Toorop's major symbolist works were executed between 1890 and 1898. Toorop has made some fascinating symbolistic paintings, but was more renowned for his drawings. These brought him international fame and were executed with a wide range of materials such as pencil, black chalk and pastels, crayons, ink, watercolour and bodycolour. His craftsmanship was well recognized and Toorop was called the "draughtsman of the lines"; the pencil line dominates the sheet with sharp lines and floating parallel lines which curve away in different directions and serve to bind the figure together.
Toorop's use of symbolist motifs is, however, not easy to understand: often very complex and sometimes very personal. His sources are not always very clear: he was influenced by various religious, literary and musical sources as Maurice Maeterlinck, Pladan and Rose + Croix. In a strong linear style, he depicted fantastic and symbolic themes, often inspired by the work of mystical and symbolist writers. Whenever he was asked for the meaning of a work, he always said "Look at what I have made. That's where it is."
Just as for many symbolist artists the theme of femininity was a central theme in Toorop's art; the woman, not so much as femme fatale, as destroyer, as often in the work of symbolist artists as Fernand Khnopff and Franz von Stuck, but more as an ascetic creature, a sphinx or a Mater Dolorosa. In his somewhat incomprehensible symbolism, not only the image of the passive woman played an important role but also her relationship towards man. In his famous work The Sphinx, now in the Gemeentemuseum in The Hague, which he finished in 1897, he depicted as he said "the mystery of life".

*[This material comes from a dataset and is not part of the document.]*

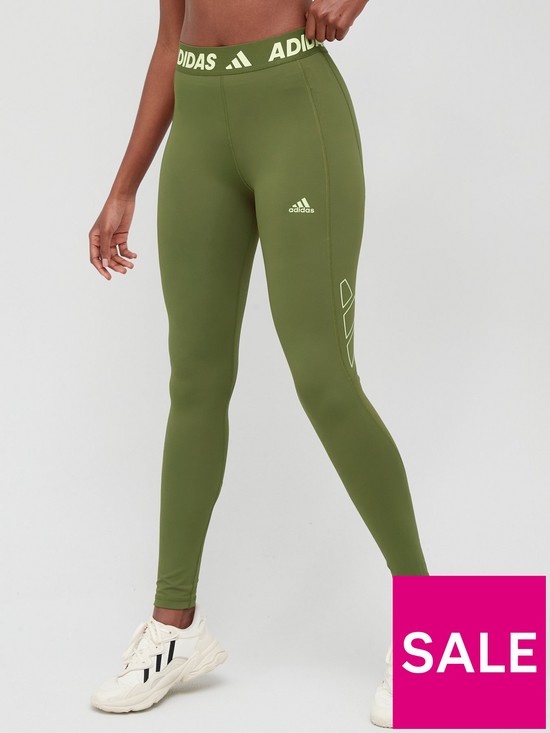 front image of adidas-tech-fit-3-bar-leggings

We do not know the exact meaning of the present work Het aanzoek. Apparently the nude, a bride-like figure is in a devoted trance. She is one with the androgynous figure, man or angel, who is standing behind her and is presenting her a ring. Their faces are mingled and become as one. The tree at the left, full with leaves, might be interpreted as the tree of life.
There is another, smaller version of this drawing from the same year. In this work the houses in the background are left out and the woman wears a veil to hide part of her body. Toorop used the popular theme of the bride before, as an emblem of chastity and purity, in his famous The Three Brides, from 1893, now in Museum Kröller-Müller.